The approach of using an LLM router which routes between a smaller, easier-to-self-host LLM and a first-class, third-party service allows companies to have their cake and eat it too. Requests that require top performance can be routed to the third-party service, while requests that are less performance-critical can be routed to the self-hosted LLM. In particular, the multitude of requests initiated by agentic AI systems can be initially handled by the self-hosted LLM with its fixed cost structure, only resorting to third-party services when the smaller LLM is not up to the task, or once the task has been fully refined through trial and error.
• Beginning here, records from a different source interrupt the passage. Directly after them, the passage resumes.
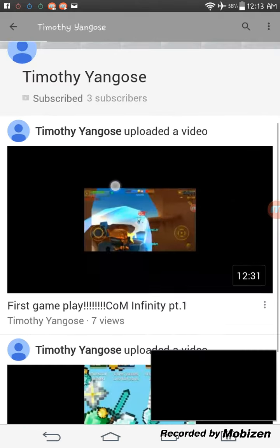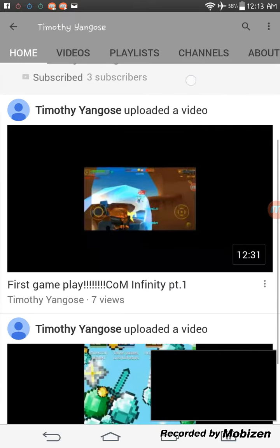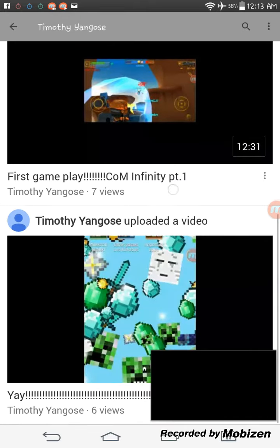No, he has 3 subscribers, he did have more videos, but I do not know what he did.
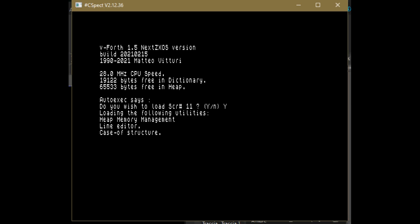There are heap memory management, line editor, debugger, full screen editor, compare utility and search utility.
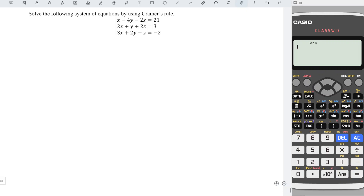Hi, it is awesome to share how to solve the following system of equations by using Cramer's Rule.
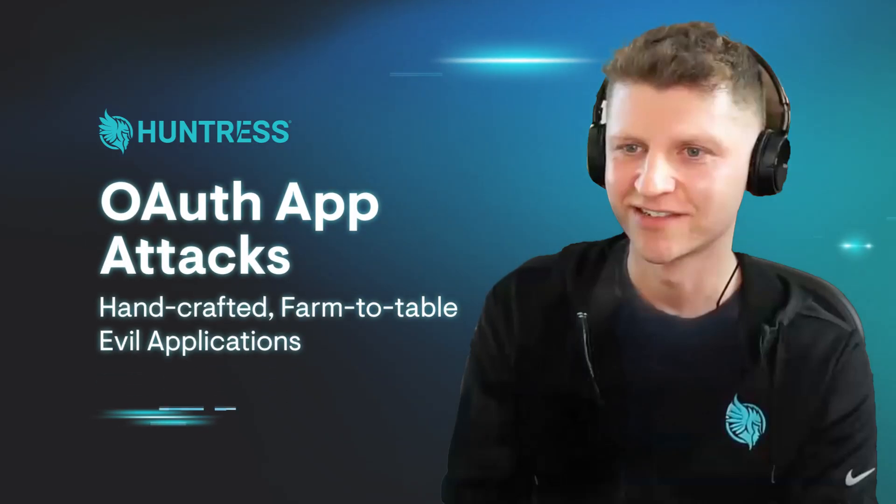So let's talk about bad Apple apps. These are artisanal handcrafted farm to table evil applications. This is OAuth app attacks. The long form description of this is OAuth consent grant application attacks, but that's like scientific nomenclature and ain't nobody got time for that.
This is a highly ergonomic approach for users, with predictable and manageable economic characteristics.
Caveat Promptor
The economics and ergonomics of LLM-based AI systems are an important and under-discussed element of the current technological revolution. The expensive nature of first-class LLMs makes enterprise adoption at scale - particularly of agentic AI - a somewhat risky business. Fortunately, as we have seen time and time again, where technology creates a problem, the solution is usually more technology. LLM routers, open source, self-hosting, and other software-centric approaches to managing these systems are emerging rapidly. As usual, those companies that lean into these trends will reap the greatest benefits.